Fast, accurate, objective method of grading beef

By Steve Delmont, 31 August, 1995

Toward Better Beef

A fast, accurate, objective method of grading beef?

Once a futuristic scenario, a new wave of technology is rapidly bringing that prospect to reality

by Dan Murphy, contributing editor

For Chuck Akin, it's another day and another shift at Excel Corp.'s beef plant in Dodge City, Kan., located on the state's western prairies in the heart of cattle country. But the nine-year meatpacking veteran is performing a new job today, one that may someday revolutionize beef packing.

From 7 a.m. to 3:30 p.m. each workday, Akin manipulates a bulky camera frame to obtain a video image of the rib eye on individual beef carcasses as they roll by at some 400 cattle an hour.

The video imaging system to which his camera is attached then generates grading information electronically in seconds-a task that has challenged the best-trained human graders since USDA first instituted its system of yield grades almost 80 years ago.

Excel's system is known as Video Image Analysis (VIA), and it's one of several cutting-edge technologies putting a high-tech stamp on the process of grading and sorting-and ultimately improving-the quality of U.S. beef.

"We need a better system to tell us how much each carcass is really worth," says Gary Smith, professor of meat science at Colorado State University, and one of the principal researchers in a comprehensive study to investigate new grading technologies. "When we can predict better, more accurate yield data, then we can send the right signals to producers to grow more marketable cattle."

Toward that end, the National Cattlemen's Association initiated a study in 1994 to assess beef grading instruments. The project was then turned over to the National Live Stock and Meat Board, which provided funding for a study using researchers at Oklahoma State and Colorado State universities.

Working at Excel's Dodge City beef plant in collaboration with Dell Allen, Excel's vice president of quality and training, the researchers are spending five weeks this summer carefully fabricating 100 carcasses to correlate actual yield data with information generated by three types of VIA systems.

The goal is to refine VIA technology to sort carcasses on the basis of boneless boxed beef yield in a closely trimmed program. The study hopes to show that technology such as VIA can move grading forward beyond USDA's five arbitrary Yield Grades, according to Glen Dolezal, professor of animal science at Oklahoma State University and one of the key researchers.

"We're trying to generate yield data independent of USDA," Dolezal says. "We want to be able to tell the packer exactly what percent yield it can expect from each carcass at cutout. If we can consistently do that, then we can slice the pie a lot thinner, and with a lot less variability."

Also being tested in the study are two other technologies: one offering a rapid measurement of total lean content, and the other a way to predict tenderness and eating quality.
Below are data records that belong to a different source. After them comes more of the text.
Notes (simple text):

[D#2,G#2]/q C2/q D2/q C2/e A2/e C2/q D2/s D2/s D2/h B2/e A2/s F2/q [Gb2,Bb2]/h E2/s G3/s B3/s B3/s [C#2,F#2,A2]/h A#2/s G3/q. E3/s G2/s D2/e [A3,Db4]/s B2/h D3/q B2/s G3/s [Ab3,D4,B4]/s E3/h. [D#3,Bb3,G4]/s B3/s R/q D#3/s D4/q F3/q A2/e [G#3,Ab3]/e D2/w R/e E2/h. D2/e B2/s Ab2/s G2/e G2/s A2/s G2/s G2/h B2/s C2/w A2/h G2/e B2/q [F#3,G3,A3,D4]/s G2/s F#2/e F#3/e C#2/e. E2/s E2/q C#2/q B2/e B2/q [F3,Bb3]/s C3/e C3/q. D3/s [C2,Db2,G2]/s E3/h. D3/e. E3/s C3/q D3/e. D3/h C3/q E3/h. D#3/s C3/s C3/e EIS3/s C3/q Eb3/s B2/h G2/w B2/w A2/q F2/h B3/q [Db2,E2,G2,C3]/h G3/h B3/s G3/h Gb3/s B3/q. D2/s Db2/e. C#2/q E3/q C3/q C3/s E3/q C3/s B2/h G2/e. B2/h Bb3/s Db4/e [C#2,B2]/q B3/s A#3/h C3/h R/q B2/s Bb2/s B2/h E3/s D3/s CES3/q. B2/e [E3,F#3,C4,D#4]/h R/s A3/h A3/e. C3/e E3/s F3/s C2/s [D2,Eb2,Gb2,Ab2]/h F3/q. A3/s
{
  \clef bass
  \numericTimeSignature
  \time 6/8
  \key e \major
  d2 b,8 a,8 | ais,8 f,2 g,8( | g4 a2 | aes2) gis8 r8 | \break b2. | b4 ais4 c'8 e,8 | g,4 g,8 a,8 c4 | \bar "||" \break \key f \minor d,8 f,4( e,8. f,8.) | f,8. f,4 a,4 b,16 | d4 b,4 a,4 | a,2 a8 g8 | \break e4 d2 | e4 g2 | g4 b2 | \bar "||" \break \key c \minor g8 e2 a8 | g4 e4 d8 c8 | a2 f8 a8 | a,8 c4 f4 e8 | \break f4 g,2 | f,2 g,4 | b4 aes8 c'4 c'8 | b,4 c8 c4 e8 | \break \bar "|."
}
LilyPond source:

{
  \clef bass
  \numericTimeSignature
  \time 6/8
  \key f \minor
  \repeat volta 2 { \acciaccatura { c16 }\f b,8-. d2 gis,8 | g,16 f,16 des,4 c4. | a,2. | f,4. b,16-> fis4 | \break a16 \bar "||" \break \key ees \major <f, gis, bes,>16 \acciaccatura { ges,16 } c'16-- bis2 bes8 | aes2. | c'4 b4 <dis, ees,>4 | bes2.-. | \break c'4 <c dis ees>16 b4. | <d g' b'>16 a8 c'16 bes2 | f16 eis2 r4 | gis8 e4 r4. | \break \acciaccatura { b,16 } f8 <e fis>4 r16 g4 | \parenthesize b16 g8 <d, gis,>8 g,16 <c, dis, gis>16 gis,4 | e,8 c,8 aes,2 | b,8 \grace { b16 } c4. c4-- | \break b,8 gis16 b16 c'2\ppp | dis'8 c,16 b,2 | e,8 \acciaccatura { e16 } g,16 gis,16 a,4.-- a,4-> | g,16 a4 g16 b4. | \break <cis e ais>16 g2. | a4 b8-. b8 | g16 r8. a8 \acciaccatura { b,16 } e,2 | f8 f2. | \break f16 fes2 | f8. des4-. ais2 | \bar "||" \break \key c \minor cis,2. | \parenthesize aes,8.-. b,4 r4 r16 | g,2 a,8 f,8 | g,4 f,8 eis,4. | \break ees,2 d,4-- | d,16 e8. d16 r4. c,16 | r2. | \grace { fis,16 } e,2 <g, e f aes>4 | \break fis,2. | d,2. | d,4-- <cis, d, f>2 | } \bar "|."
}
Here is a look at the key technologies for beef instrument grading now under investigation.

Video Image Analysis

VIA has been around for years, but the technology first made a splash in manufacturing during the 1980s with the advent of robotic assemblers and quality assurance units in the automotive industry. Powered by a machine vision system, these devices were engineered to "look" at automobile components and make various quality determinations.

"In meatpacking, these video systems go back many years," Allen notes. "As the technology has continued to improve, we're now able to use VIA to help us better utilize each carcass. We're trying to get sophisticated enough that each carcass can be fabricated in optimum fashion."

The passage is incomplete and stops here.